Feature: #20555 - Strip empty HTML tags in HtmlParser

See forge#20555

Description

A new functionality is introduced in the HtmlParser that allows the stripping of empty HTML tags.

It can be used in the Frontend by using the HTMLparser TypoScript configuration of stdWrap:

stdWrap {

        # If this is set all empty tags are stripped, unless a list of tags is provided below.
        HTMLparser.stripEmptyTags = 1

        # This setting can be used to filter the tags that should be stripped if they are empty.
        HTMLparser.stripEmptyTags.tags = h2, h3
}

It is also possible to use it in the HTMLparser_rte or HTMLparser_db in Page TSconfig:

# For rtehtmlarea we need to use the entry parser because otherwise the p tags will
# be converted to linebreaks during the RTE transformation.
RTE.default.proc.entryHTMLparser_db {
        stripEmptyTags = 1
        stripEmptyTags.tags = p

        # Since rtehtmlarea adds non breaking spaces in empty <p> tags we need to
        # tell the parser that &nbsp; should be treated as an empty string:
        stripEmptyTags.treatNonBreakingSpaceAsEmpty = 1
}

Tip

Please note that the HTMLparser will strip all unknown tags by default.
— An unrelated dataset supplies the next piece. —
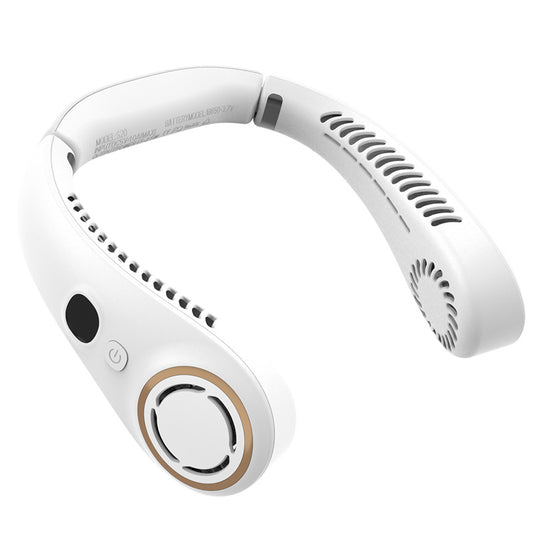 Portable Neck Fan Upgraded, Neckbrace Personal Hands Free, 5 Speed Gears Adjustment, 2000 mAh Wearable V1079-NECKFANS20WHITE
If you only want to strip empty tags, you need to set keepNonMatchedTags to TRUE or configure the allowed tags:

stdWrap {
        HTMLparser.keepNonMatchedTags = 1
        HTMLparser.stripEmptyTags = 1
        HTMLparser.stripEmptyTags.tags = h2, h3
}

Impact

If the configuration is not set, the HtmlParser behaves like before so there is no impact to existing systems (unless they already have used the stripEmptyTags setting for whatever reason).